Se a versão televisiva for tão interessante como as descrições de The Workshop of Filthy Creation, vale bem a pena vasculhar arquivos à sua procura. O argumento socorre-se de um pesado ambiente gótico, que exagera as trevas, o isolamento e a decadência. As personagens que o escritor e a sua família encontram na estranha estalagem têm o seu quê de aberrante e grotescto. O tom do argumento puxa ao grotesco, com inúmeras descrições tenebrosas do ambiente em que os personagens estão mergulhados. E a conclusão da história, embora não termine da pior maneira possível, termina de uma forma grotesca - o tal espectáculo de marionetas era representado por marionetas humanas, o resultado dos séculos de experiências do homem que inspirou a Mary Shelley o personagem de Dr. Frankenstein, ainda vivo graças à sua ciência maldita, grotesco e decrépito enquanto prossegue as investigações no seu tenebroso laboratório. Mas tranquilizem-se; os estalajadeiros, marionetes de carne construídas pelo mestre das marionetas, não tencionam utilizar o escritor e a sua família como peças sobresselentes. No dia seguinte à representação, Lawrence e a sua família partem em paz, em direcção ao mundo moderno, embebidos no entanto pela loucura daquele lugar insano e dos seus grotescos habitantes.
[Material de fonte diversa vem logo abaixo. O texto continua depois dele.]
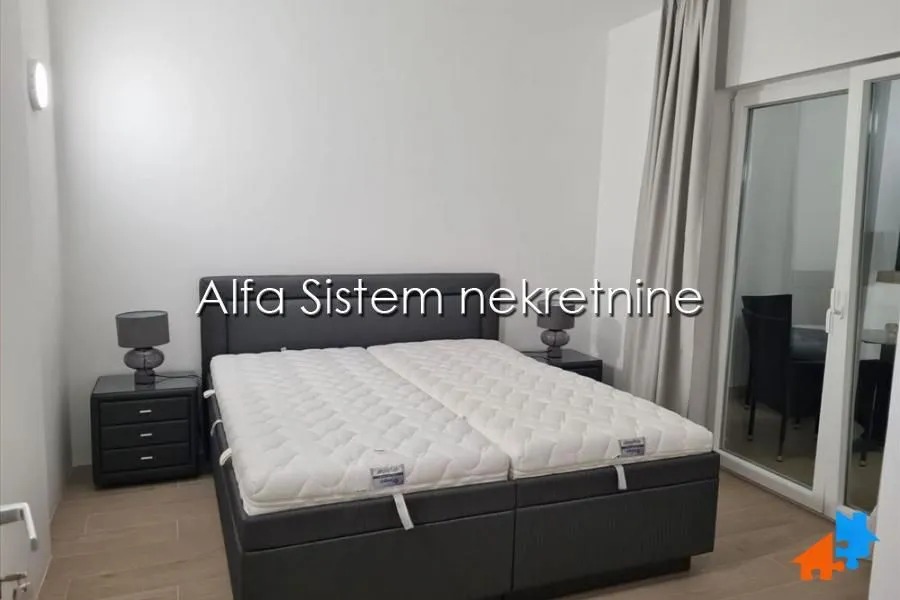 Rent, four bedroom apartment, 160m², Savski Venac, Beograd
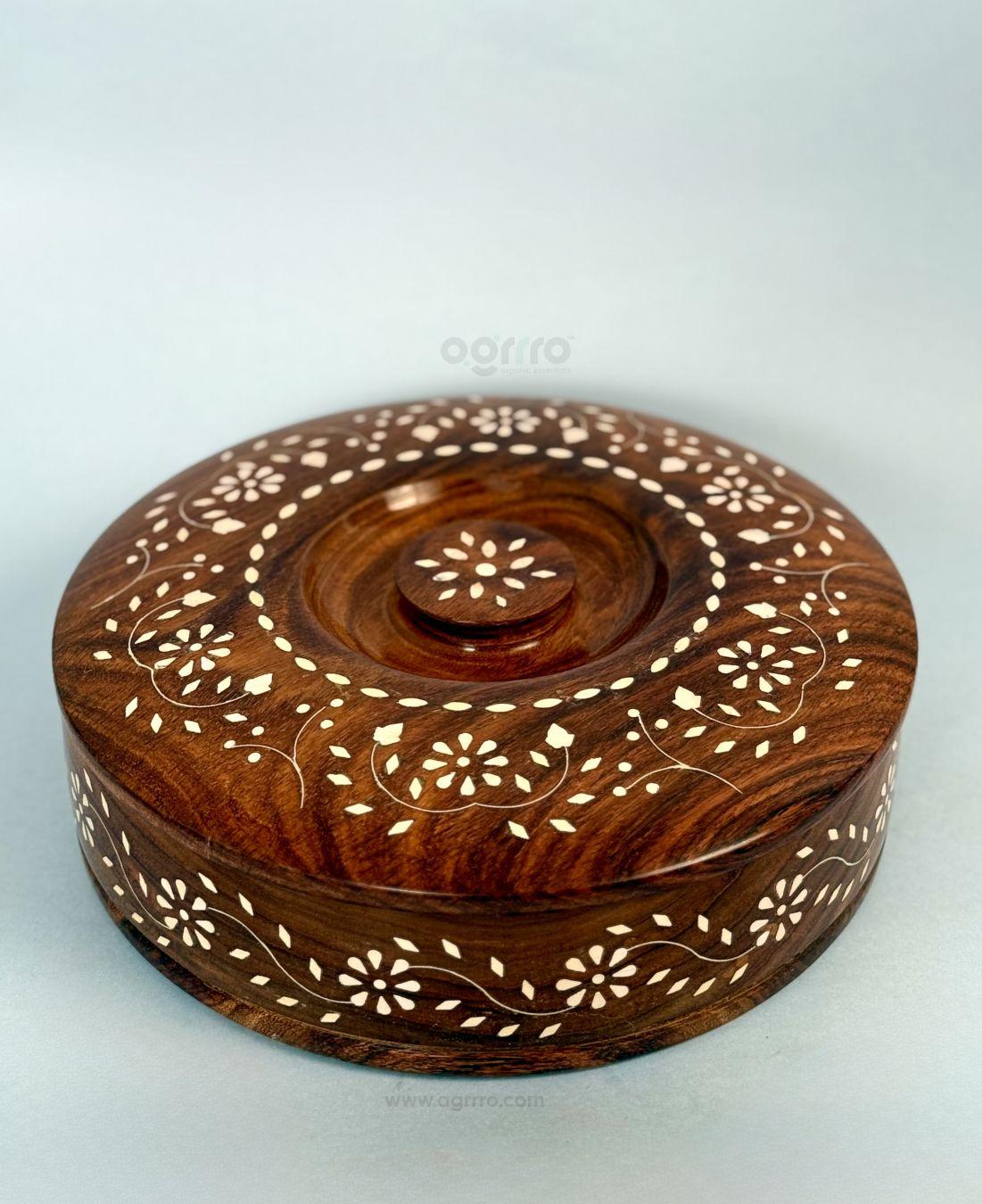 this is the beautiful and best handcrafted wooden round masala box, best handcrafted masala box for kitchenware lovers. Buy world's best handcrafted round masala box or masala storage on www.agrrro.com. This is the best way to enjoy dinner with your loved ones.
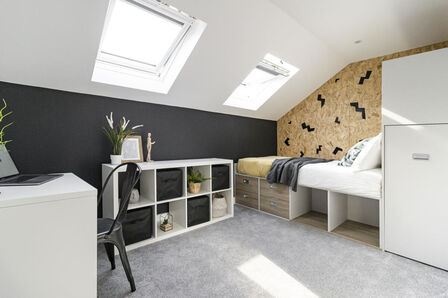 Montgomerie Road, 8 bedroom  Property to rent, £5,425 pcm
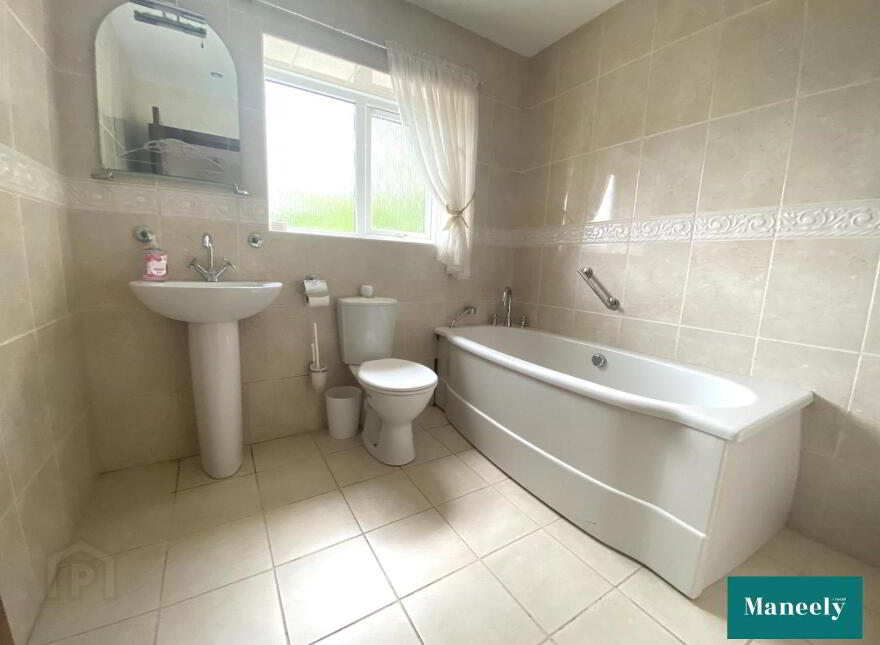 135 Coalisland Road, Dungannon, BT71 6LB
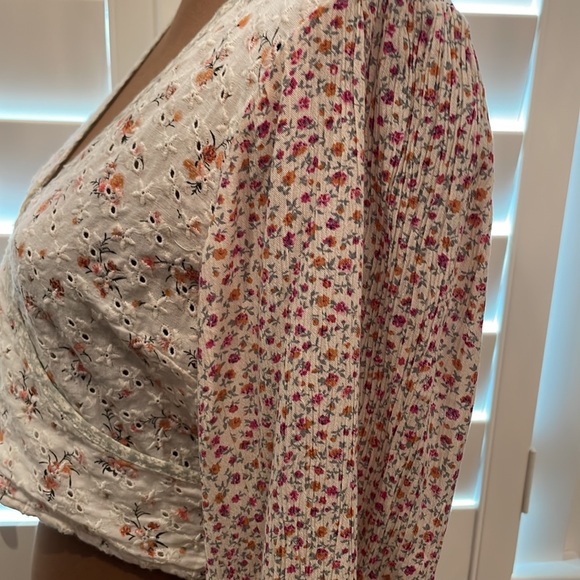 American Eagle top - Picture 4 of 7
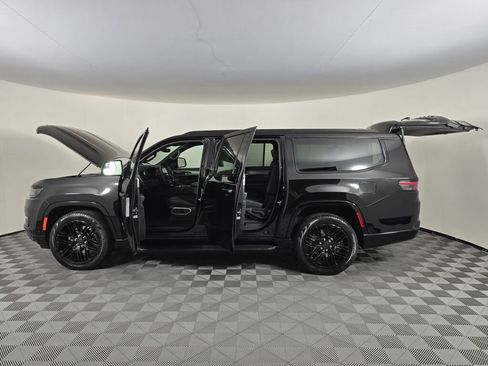 New 2025 Jeep Wagoneer L Series II w/ HD Trailer Tow Package w/25F image 15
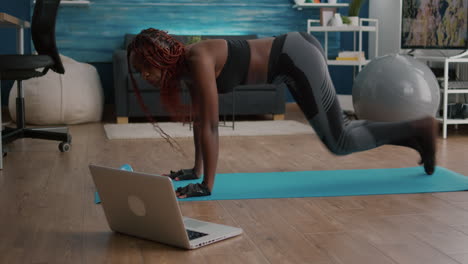 Mujer-Negra-En-Forma-En-Ropa-Deportiva-Haciendo-Ejercicio-Quemando-Grasa-Calorías-Entrenando-Los-Músculos-Del-Cuerpo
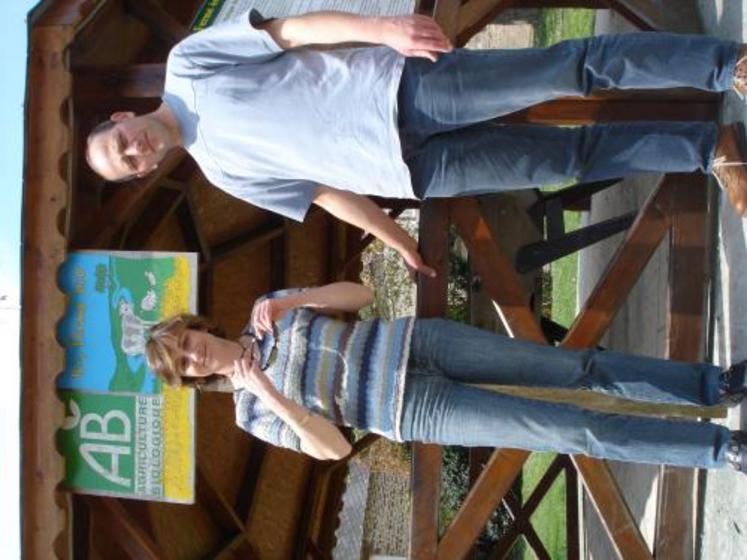 Patricia Bouffard et Benoît Lacroix, deux des gérants des “Fermiers Bio d’Isigny”. Les producteurs bio s’occupent de tout. “De la fourche à la fourchette”.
No final do episódio a narrativa de Lawrence é considerada demasiado fantasiosa para ser autêntica, não lhe sendo concedida admissão no restrito clube de investigadores do sobrenatural.
The Workshop of Filthy Creation não serve para ser lida em busca de subtextos ou sentidos obscuros. Ântes pelo contrário, o conto/argumento torna-se interessante pelo uso sublime dos estereotipos da ficção de horror, sendo uma interessantíssima variação do mito do homem cuja ciência o leva a querer sobrepôr-se a deus. Na série televisiva, o argumento surgiu com o menos sugestivo mas mais mediático título de Night of the Marionettes.